BEGIN

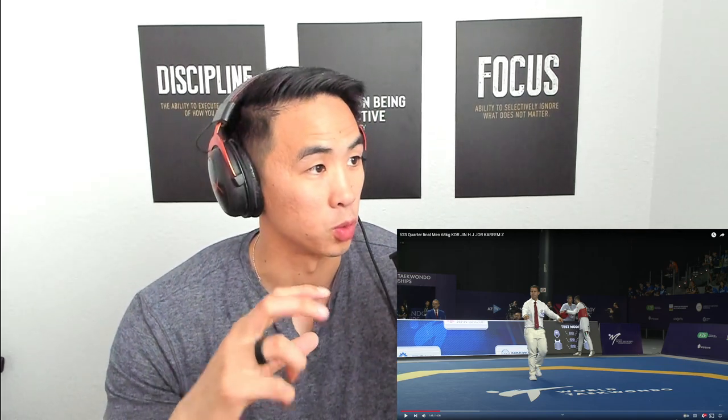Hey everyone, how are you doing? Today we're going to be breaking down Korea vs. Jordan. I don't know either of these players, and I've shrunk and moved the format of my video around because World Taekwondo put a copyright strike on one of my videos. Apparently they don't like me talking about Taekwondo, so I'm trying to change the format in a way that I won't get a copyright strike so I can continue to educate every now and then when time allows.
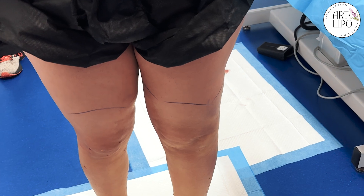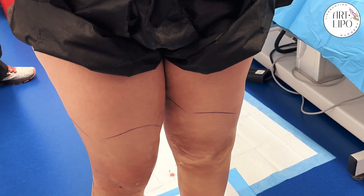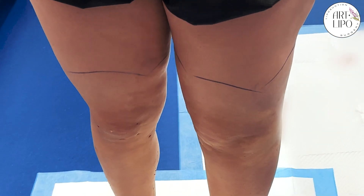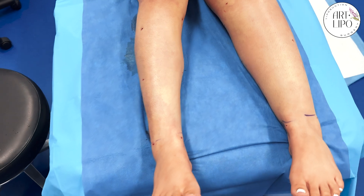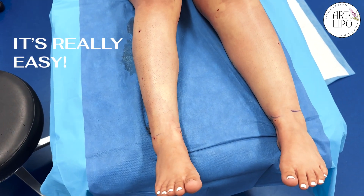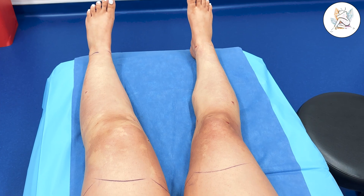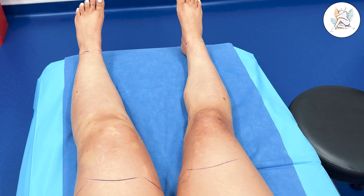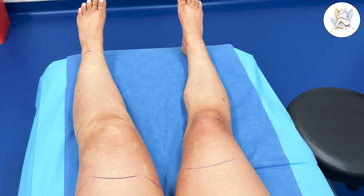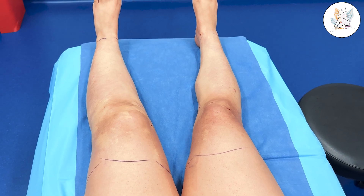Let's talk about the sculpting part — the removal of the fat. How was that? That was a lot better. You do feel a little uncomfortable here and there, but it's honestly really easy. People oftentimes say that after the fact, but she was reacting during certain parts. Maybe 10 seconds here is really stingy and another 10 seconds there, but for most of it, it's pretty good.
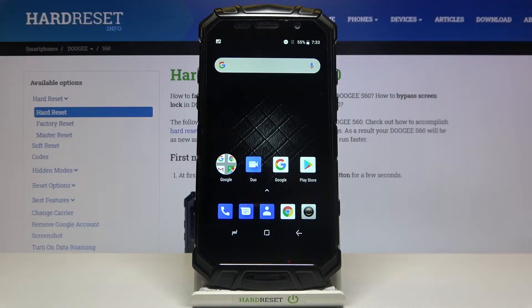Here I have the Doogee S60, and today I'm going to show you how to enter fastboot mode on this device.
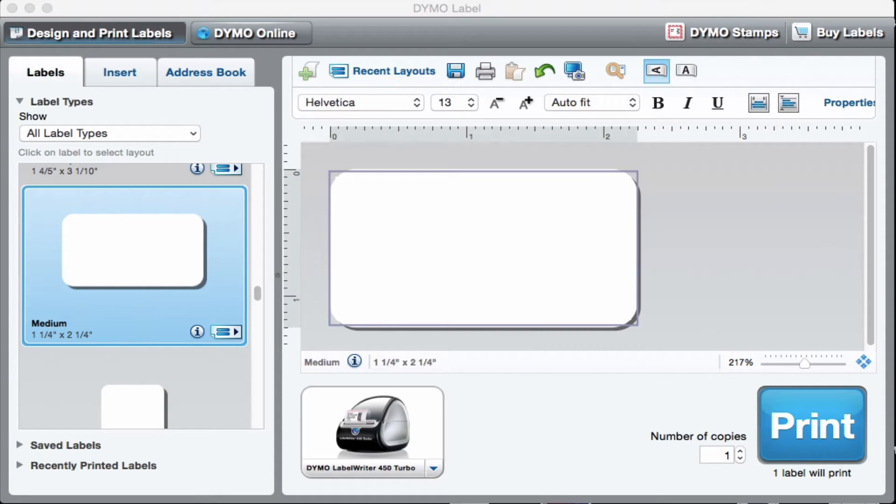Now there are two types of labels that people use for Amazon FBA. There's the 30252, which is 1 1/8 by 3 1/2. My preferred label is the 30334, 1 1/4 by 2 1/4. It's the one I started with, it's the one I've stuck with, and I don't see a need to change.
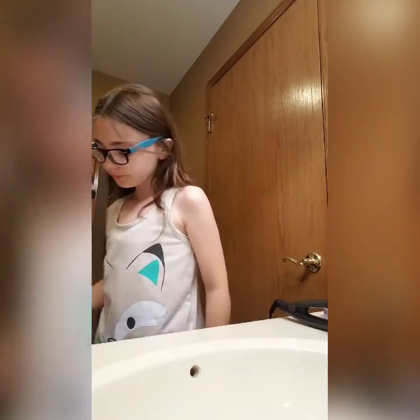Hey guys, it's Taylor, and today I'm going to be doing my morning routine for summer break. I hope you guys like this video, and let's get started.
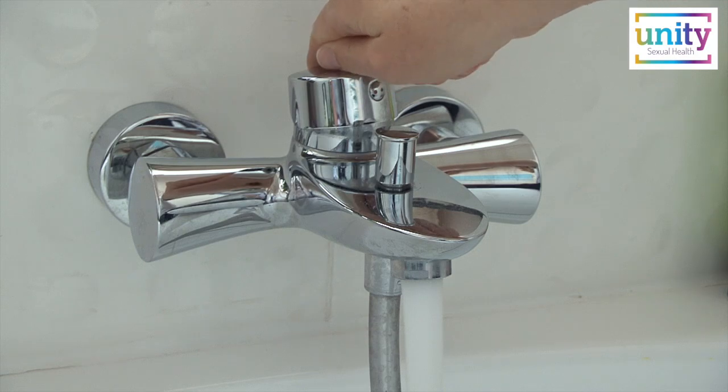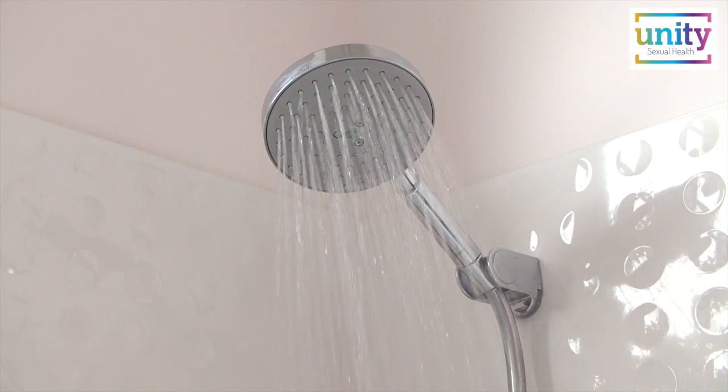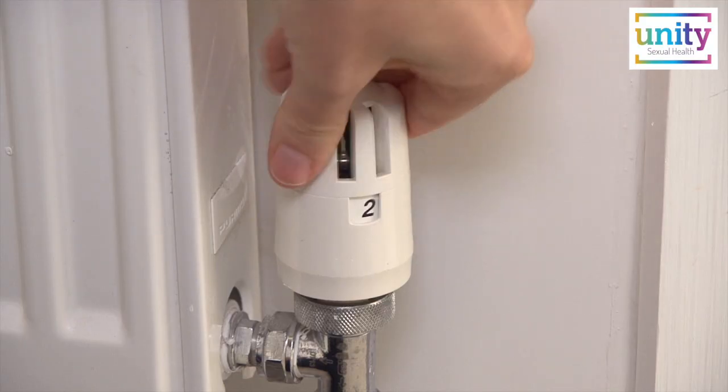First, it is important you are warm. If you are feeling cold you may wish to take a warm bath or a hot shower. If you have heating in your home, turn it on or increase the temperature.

END

=== DESCRIPTION OF THE TASK ===
From the first line to the last, repeat the records exactly, leaving out the pictures.

=== SOLUTION ===
Hey everyone, how are you doing? Today we're going to be breaking down Korea vs. Jordan. I don't know either of these players, and I've shrunk and moved the format of my video around because World Taekwondo put a copyright strike on one of my videos. Apparently they don't like me talking about Taekwondo, so I'm trying to change the format in a way that I won't get a copyright strike so I can continue to educate every now and then when time allows.
Let's talk about the sculpting part — the removal of the fat. How was that? That was a lot better. You do feel a little uncomfortable here and there, but it's honestly really easy. People oftentimes say that after the fact, but she was reacting during certain parts. Maybe 10 seconds here is really stingy and another 10 seconds there, but for most of it, it's pretty good.
Here I have the Doogee S60, and today I'm going to show you how to enter fastboot mode on this device.
Now there are two types of labels that people use for Amazon FBA. There's the 30252, which is 1 1/8 by 3 1/2. My preferred label is the 30334, 1 1/4 by 2 1/4. It's the one I started with, it's the one I've stuck with, and I don't see a need to change.
Hey guys, it's Taylor, and today I'm going to be doing my morning routine for summer break. I hope you guys like this video, and let's get started.
First, it is important you are warm. If you are feeling cold you may wish to take a warm bath or a hot shower. If you have heating in your home, turn it on or increase the temperature.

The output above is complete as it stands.